Captioned web images:
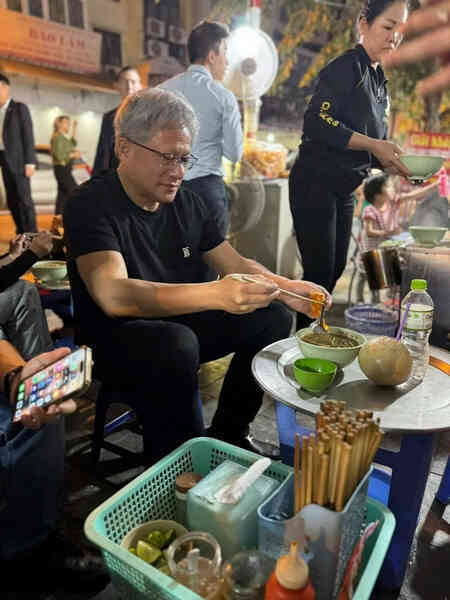 CEO VNG cùng CEO Tập đoàn chip hơn 1.000 tỷ USD của Mỹ đi ăn uống tại quán vỉa hè Hà Nội- Ảnh 3. CEO VNG cùng CEO Tập đoàn chip hơn 1.000 tỷ USD của Mỹ đi ăn uống tại quán vỉa hè Hà Nội- Ảnh 3.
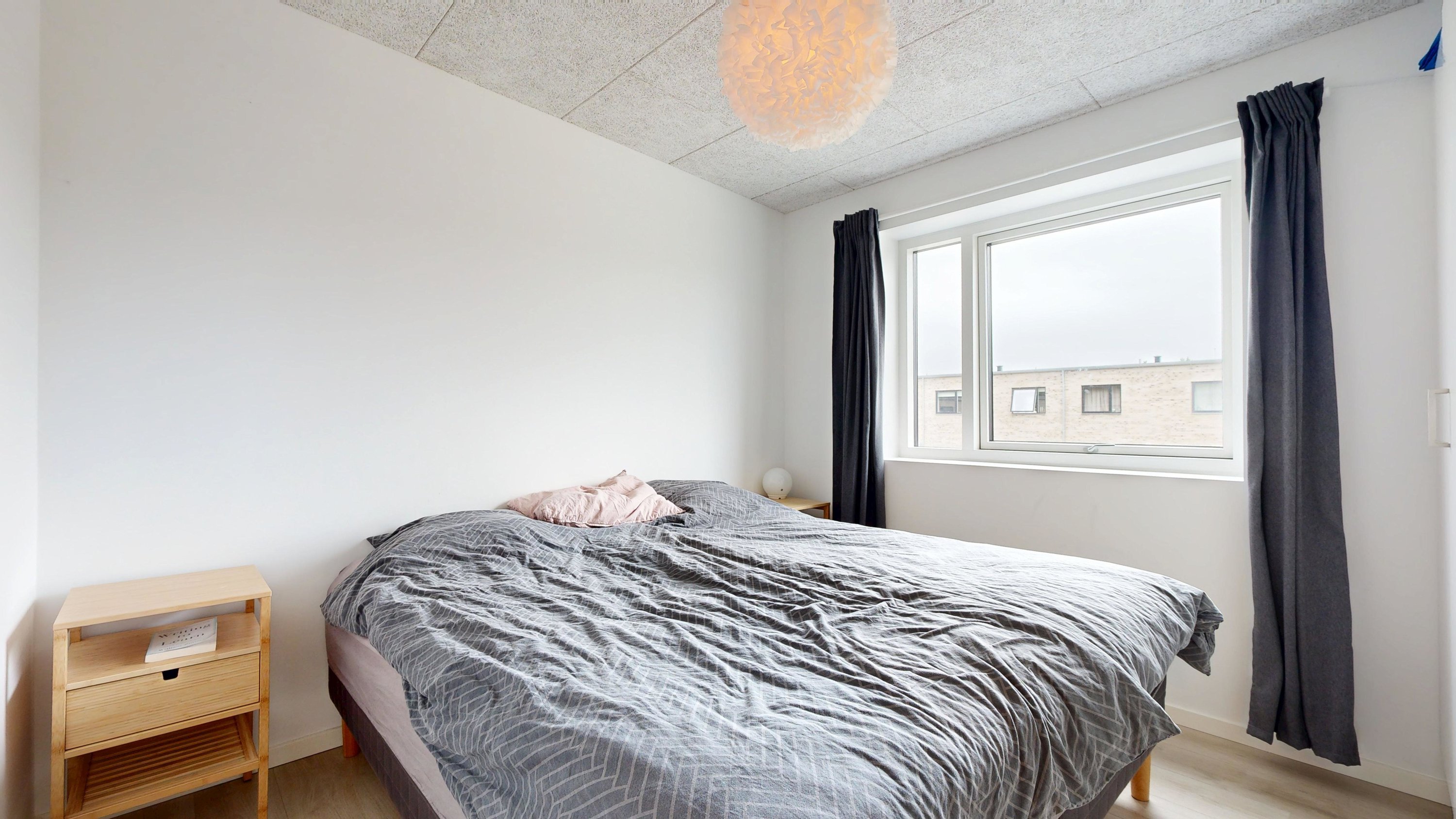 Fremhævet soveværelse billede i fuldskærmstilstand. Billede af Fruering Skovmark 61, 8660 Skanderborg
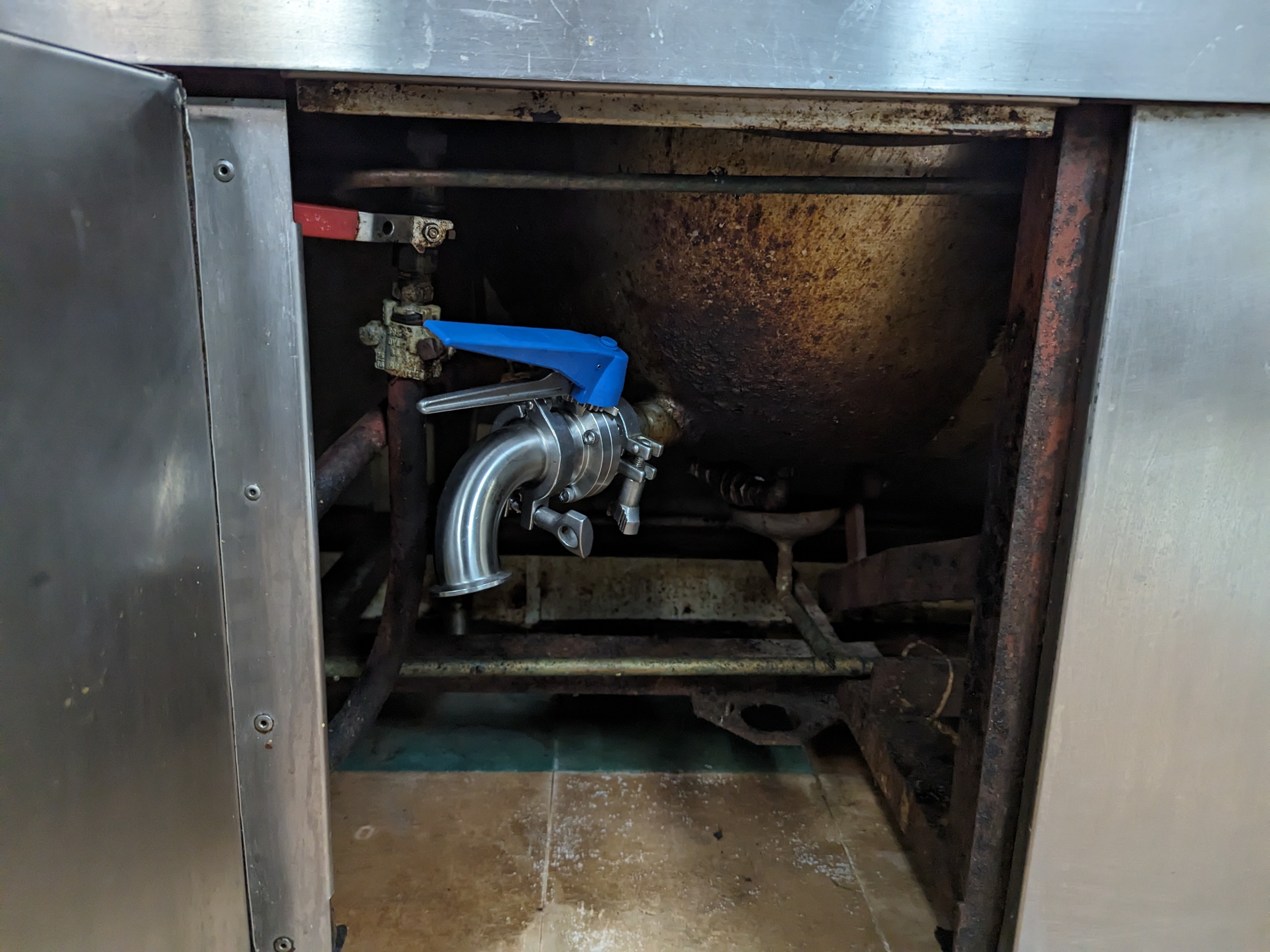 Used Gaunt SS Kettles and Steam Cabinet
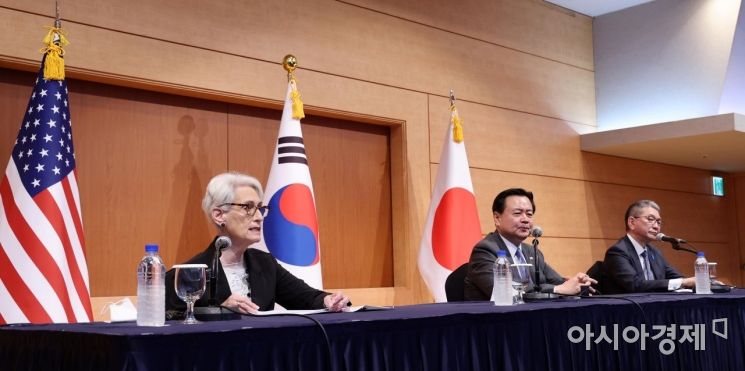 웬디 셔먼 미국 국무부 부장관이 8일 서울 종로구 외교부 청사에서 열린 한미일 외교차관 공동 기자회견에서 발언하고 있다./김현민 기자 kimhyun81@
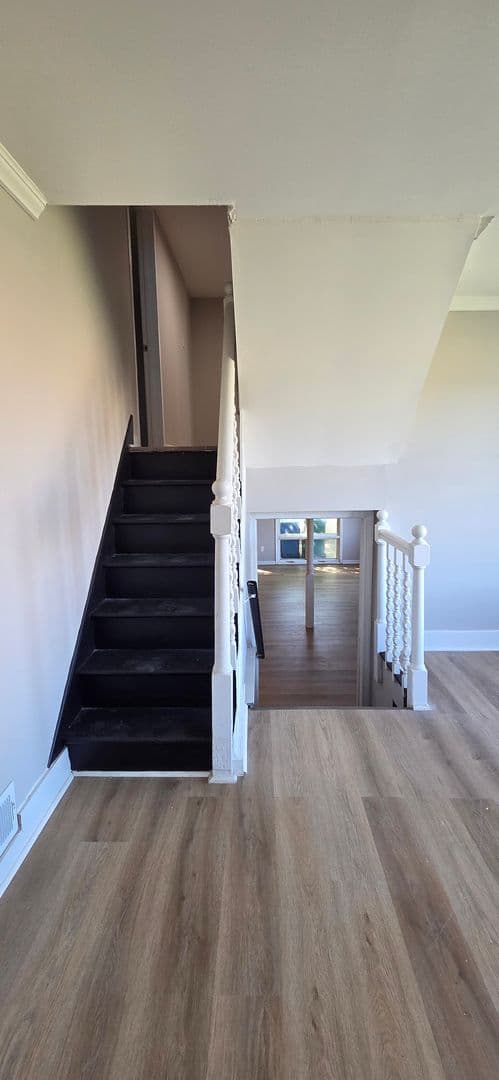 Levittown House: 1019 Green Ln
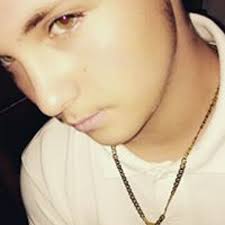 Stream Devon Aldridge music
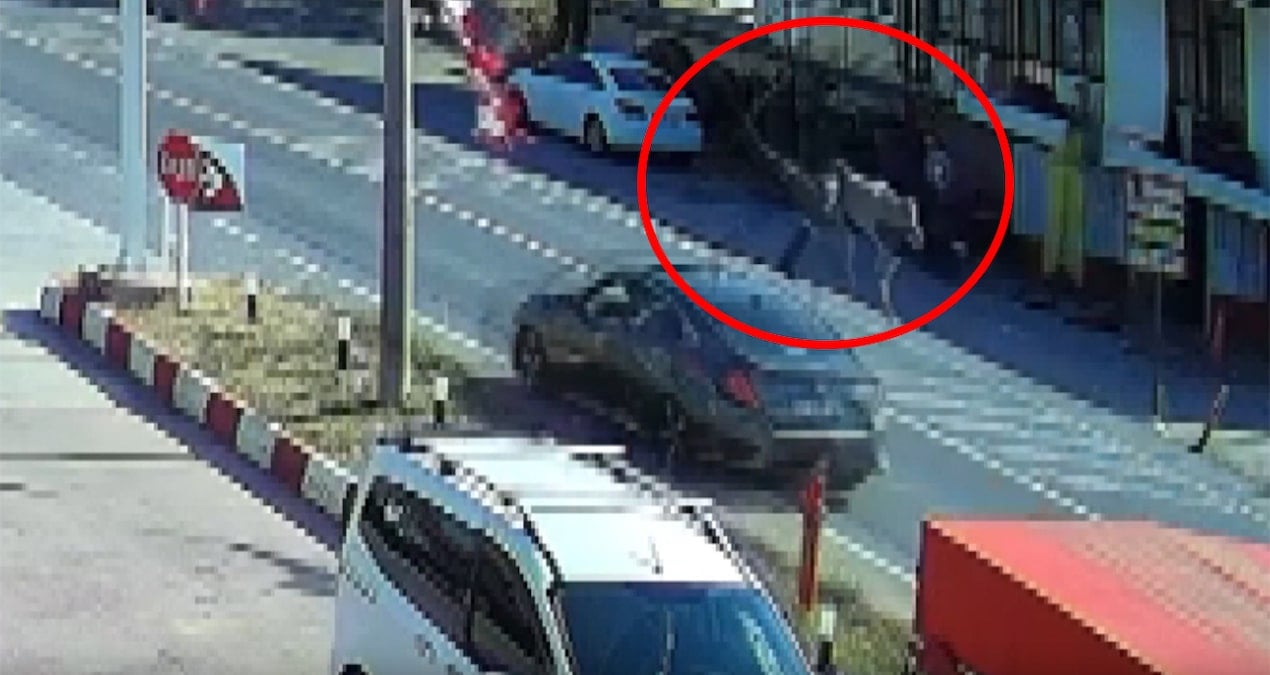 otomobil carpti metrelerce havaya savruldu 1bfVQkT9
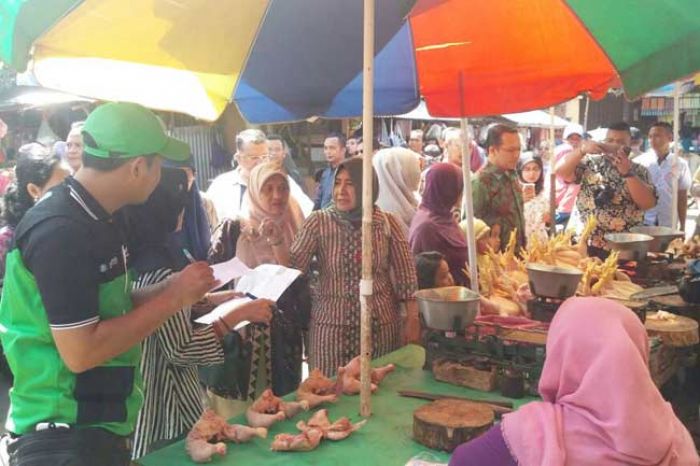 Komisi B Minta Disperindag Jaga Stabilitas Harga Komisi B Minta Disperindag Jaga Stabilitas Harga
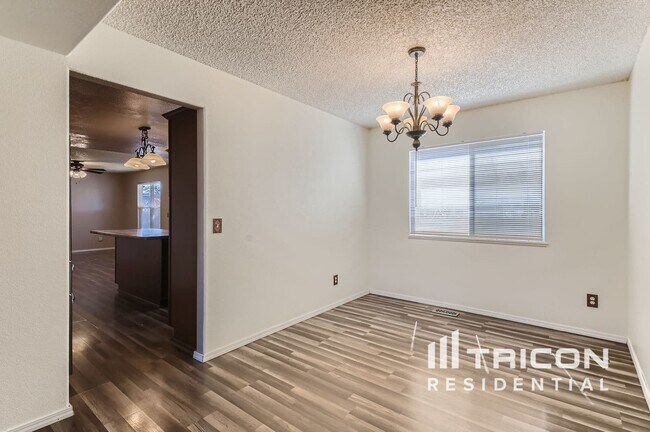 Building Photo - 862 Marshall Dr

TASK DIRECTIONS:
Retype the lines above exactly, no pictures.

REPLY:
 CEO VNG cùng CEO Tập đoàn chip hơn 1.000 tỷ USD của Mỹ đi ăn uống tại quán vỉa hè Hà Nội- Ảnh 3. CEO VNG cùng CEO Tập đoàn chip hơn 1.000 tỷ USD của Mỹ đi ăn uống tại quán vỉa hè Hà Nội- Ảnh 3.
 Fremhævet soveværelse billede i fuldskærmstilstand. Billede af Fruering Skovmark 61, 8660 Skanderborg
 Used Gaunt SS Kettles and Steam Cabinet
 웬디 셔먼 미국 국무부 부장관이 8일 서울 종로구 외교부 청사에서 열린 한미일 외교차관 공동 기자회견에서 발언하고 있다./김현민 기자 kimhyun81@
 Levittown House: 1019 Green Ln
 Stream Devon Aldridge music
 otomobil carpti metrelerce havaya savruldu 1bfVQkT9
 Komisi B Minta Disperindag Jaga Stabilitas Harga Komisi B Minta Disperindag Jaga Stabilitas Harga
 Building Photo - 862 Marshall Dr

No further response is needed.